** Work order **
Full transcription, minus images: write out the listing below exactly as it appears.

** Data block **
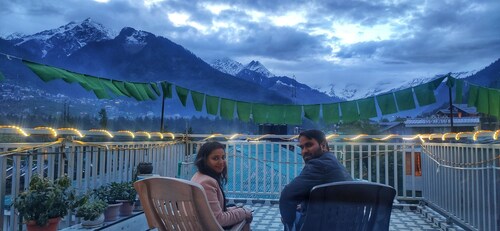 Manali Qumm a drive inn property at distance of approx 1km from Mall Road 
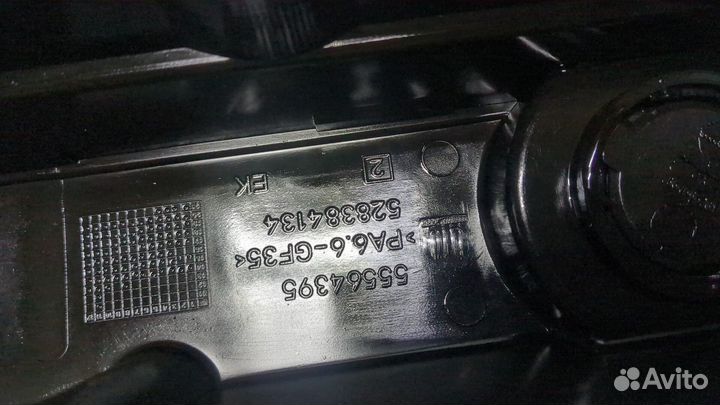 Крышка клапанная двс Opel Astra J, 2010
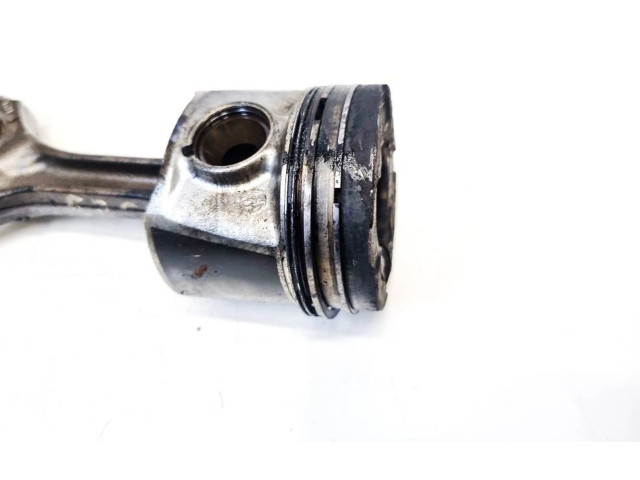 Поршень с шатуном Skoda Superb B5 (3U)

** Solution to the problem **
 Manali Qumm a drive inn property at distance of approx 1km from Mall Road 
 Крышка клапанная двс Opel Astra J, 2010
 Поршень с шатуном Skoda Superb B5 (3U)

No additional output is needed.